** WHAT YOU HAVE TO DO **
Copy out exactly the lines spanning the line with "1-Layer Standard Pleated" to the line with "SAN MARINO - 1991/1998", inclusive, from the data underneath, with no pictures.

** TASK INPUTS **
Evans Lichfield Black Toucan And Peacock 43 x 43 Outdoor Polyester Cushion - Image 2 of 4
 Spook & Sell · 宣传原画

...

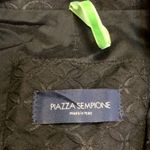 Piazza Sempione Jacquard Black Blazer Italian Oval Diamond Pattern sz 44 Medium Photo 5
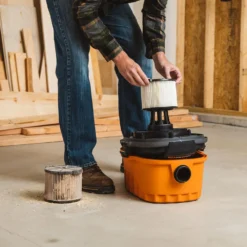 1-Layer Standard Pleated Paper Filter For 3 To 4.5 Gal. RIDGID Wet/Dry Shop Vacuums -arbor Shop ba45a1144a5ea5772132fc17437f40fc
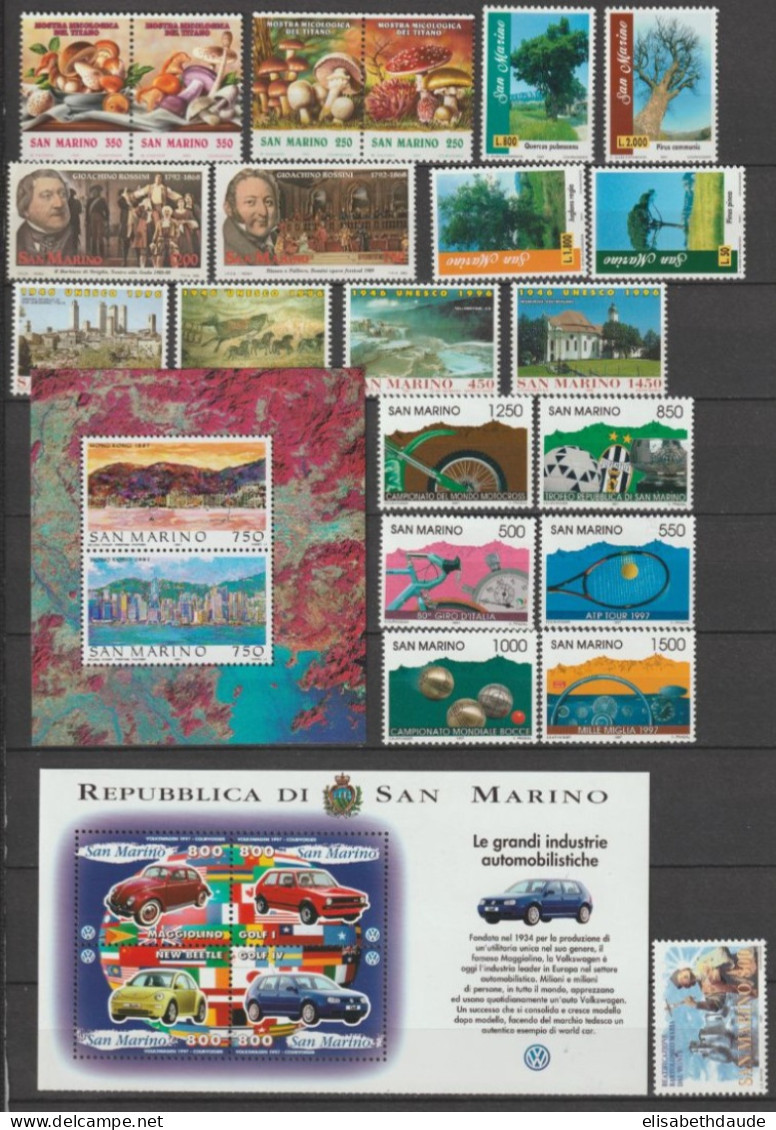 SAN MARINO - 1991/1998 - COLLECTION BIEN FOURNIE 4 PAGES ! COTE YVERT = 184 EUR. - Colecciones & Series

** RESULT **
 1-Layer Standard Pleated Paper Filter For 3 To 4.5 Gal. RIDGID Wet/Dry Shop Vacuums -arbor Shop ba45a1144a5ea5772132fc17437f40fc
 SAN MARINO - 1991/1998 - COLLECTION BIEN FOURNIE 4 PAGES ! COTE YVERT = 184 EUR. - Colecciones & Series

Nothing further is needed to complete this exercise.